Sunday, December 17, 2006

Astral Weeks - Van Morrison

I'm caught one more time down on Cyprus Avenue. Não tem jeito, vez ou outra eu passeio por lá e pior que nem fico assim tão feliz. Eu sofro. Eu canto junto e estrago a música. Eu tento entender o mistério e falho e me assombro cada vez mais com a força e a beleza desse disco. Van Morrison é o melhor cantor da música pop. Tá, ele vai lá e suga o que pode de Ray Charles. Ok, a soul music sessentista está cheia de vozes angelicais e demoníacas, perfeitas. Mas a questão é essa. A humanidade da voz do irlandês mal-encarado.
Van canta com desespero.
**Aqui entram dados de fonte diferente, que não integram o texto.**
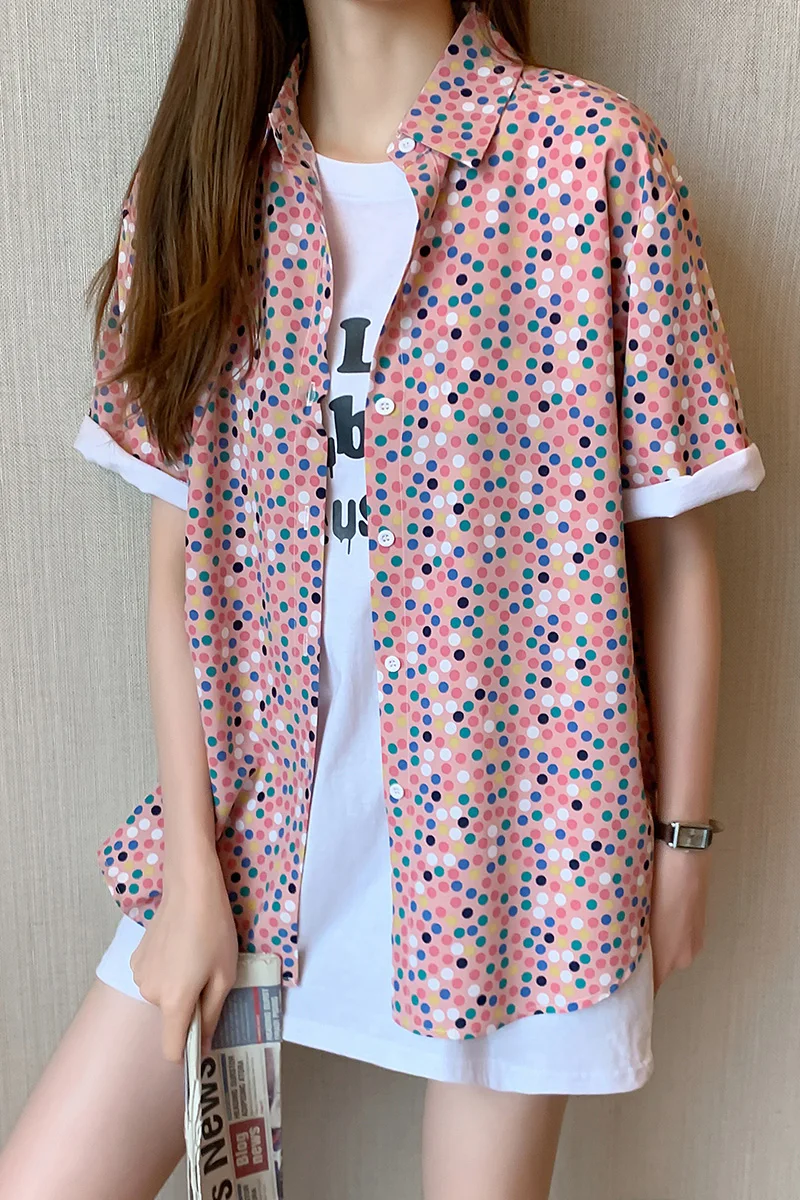 2020 Summer Print Polka Dot Printed Loose Big Size Pink Green Oversized Shirt Women Blouse Fashion Streetwear Tee Shirt Femme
Muitas vezes sua voz soa anasalada e estrtidente. Em "Madame George", repleta de goodbyes inevitáveis, trágicos, ele não consegue as notas que pretende. Mas ele tenta heróico no auge dos seus vinte e poucos anos. "And the love that loves to love the love...And the backstreet and the backstreet..." Do que ele está falando meu Deus? "Dry your eye your eye your eye your eye your eye...say goodbye...".
Os primeiros versos do disco não querem dizer nada. "If I ventured in the slipstream/between the viaducts of your dream" são o tipo de verso que fazemos quando a mulher que a gente deseja caminha (paira) por ruas inatingíveis, vestida em roupas impossíveis, hipnotizando até as bombas de gasolina, fazendo flores crescerem pelas rachaduras do asfalto. "Step right up, ballerina". Só que ela escolhe o outro cara.
"I'm nothing but a stranger in this world". O dano já está feito. (Era uma tarde de chuva, juro. Eu tinha um walkman em algum lugar dos anos 90. Estava na Ilha do Fundão, eu vagava por lá naquele tempo. Astral Weeks me possuiu naquele dia e nunca mais saiu. Eu estava triste, eu estava apaixonado por essa menina que mentia compulsivamente e eu mentia que era June e Henry Miller,mas não era, era só tristeza, era só o amor e seu jeito descuidado...)
"Beeeeeesiiiiiiiiiiiiiiiiiiiiiiiiiiide yooooooooooooooooooooou, darling". Aqui é a perfeição. O instrumental é esparso, incompreensível, harmonia aleatória, erros, acertos. E aquela voz que faz qualquer coisa faz sentido.
"Sweet thing". E flautas fazem sentido. O baixo que desrespeita acintosamente as notas de todas as músicas faz todo o sentido. Isso não é jazz, isso não é folk, isso não é rock and roll de maneira nenhuma, isso é a música ancestral, direto do coração, isso sempre existiu desde que a primeira mulher da caverna deixou, descuidada, um homem das cavernas , dos mais esquisitos e solitários, com o olhar perdido.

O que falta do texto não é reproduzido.